What was his secret? He unreservedly committed his life to Jesus Christ as his Saviour and Lord. That friendship meant everything to him. By the flickering light of a peanut-oil lamp early each morning he and a roommate in the men’s cramped dormitory studied the Bible and talked with God for an hour every day.



Marcy Ditmanson, a Lutheran missionary imprisoned with Eric, shared his recollections:



Eric spoke with a charming Scottish brogue, and more than anyone I had ever known, typified the joyful Christian life. He had a marvelous sense of humor, was full of laughter and practical jokes, but always in good taste. His voice was nothing special, but how he loved to sing, particularly the grand old hymns of the faith. Two of his favorites were “God Who Touches Earth with Beauty” and “There's a Wideness in God's Mercy.” He was no great orator by any means but he had a way of riveting his listeners with those marvelous, clear blue eyes of his. Yes, that's what I remember most about him as he spoke―those wonderful eyes and how they would twinkle.



Full Surrender

Though he had become an “uncle” and father figure to numerous children, Eric Liddell never saw his own wife and daughters in this world again. After writing a letter to Florence from his bed in the infirmary, he said to his friend and colleague “It’s full surrender” and slipped into a coma. Suffering with a brain tumor, he died in 1945. And while all Scotland mourned, all in Heaven who had cheered Eric on as a servant of Jesus gave him a rich welcome.

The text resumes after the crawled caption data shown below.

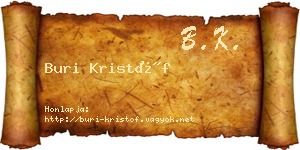 Buri Kristóf névjegykártya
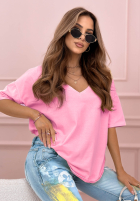 T-shirt oversize z dekoltem w serek Cascade neonowy różowy
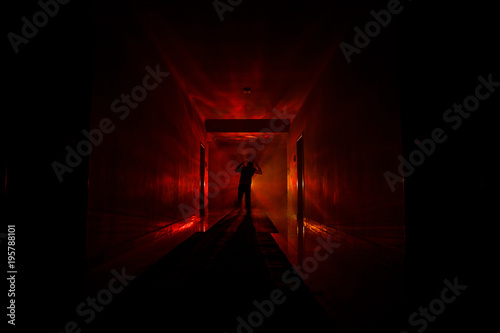 Vászonkép Creepy silhouette in the dark abandoned building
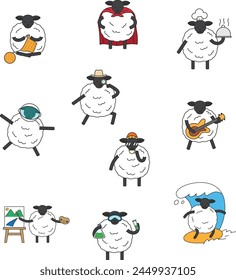 cute cartoon sheep character illustrations 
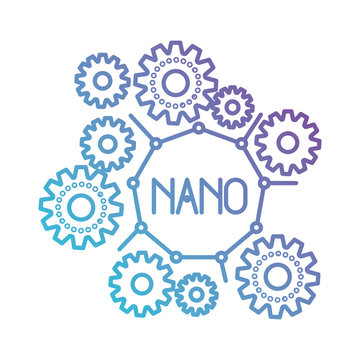 set gear machinery with nano molecular structure in color gradient silhouette from purple to blue vector illustration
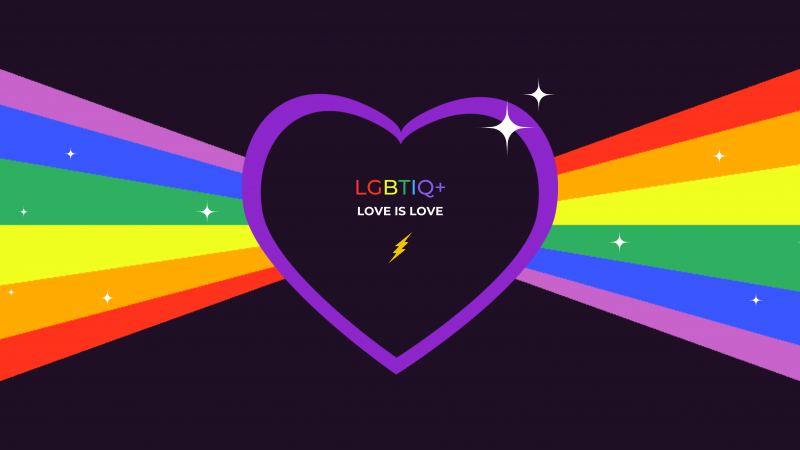 Love Is Love, LGBTQ, Rainbow, Love heart, Purple Heart, 5K, Wallpaper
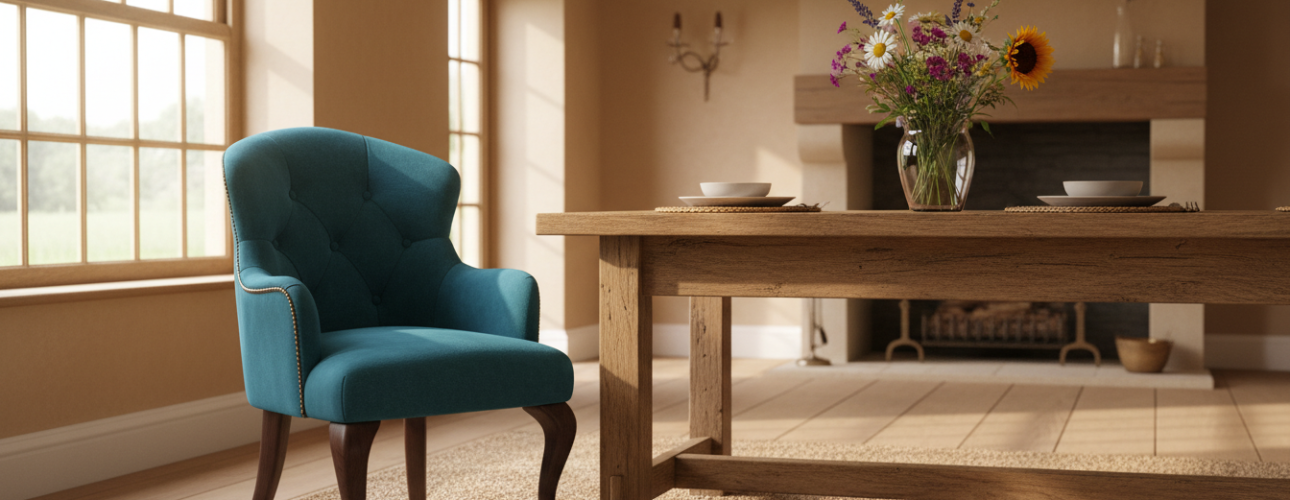 landelijke velvet eetkamerstoelen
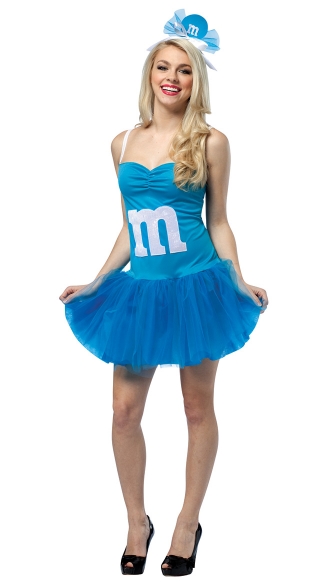 Blue M&M Party Dress Costume, Blue M&M Costume, Womens Blue M and M Costume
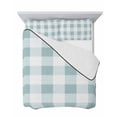 thumbnail image 7 of Quilts Twin-XL Size Bedding Set, Aqua Plaid Lightweight Quilted Comforter, Spring Summer Farmhouse Buffalo Checkered Soft Reversible Bedspread Coverlet with Pillow Covers for All Season, 68" x 98", 7 of 7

Through fresh tears that unforgettable day in their living room, Margaret Holder told us, “It was a cold February day when Uncle Eric died.” No one in the world mourned like those in that camp. When five months later the children were rescued by American paratroopers and reunited with their families, many of their stories were about Uncle Eric. Liddell’s imprisonment broke the hearts of his family. But for years—nearly to the war’s end—God used him as a lifeline to hundreds of children, including Margaret Holder.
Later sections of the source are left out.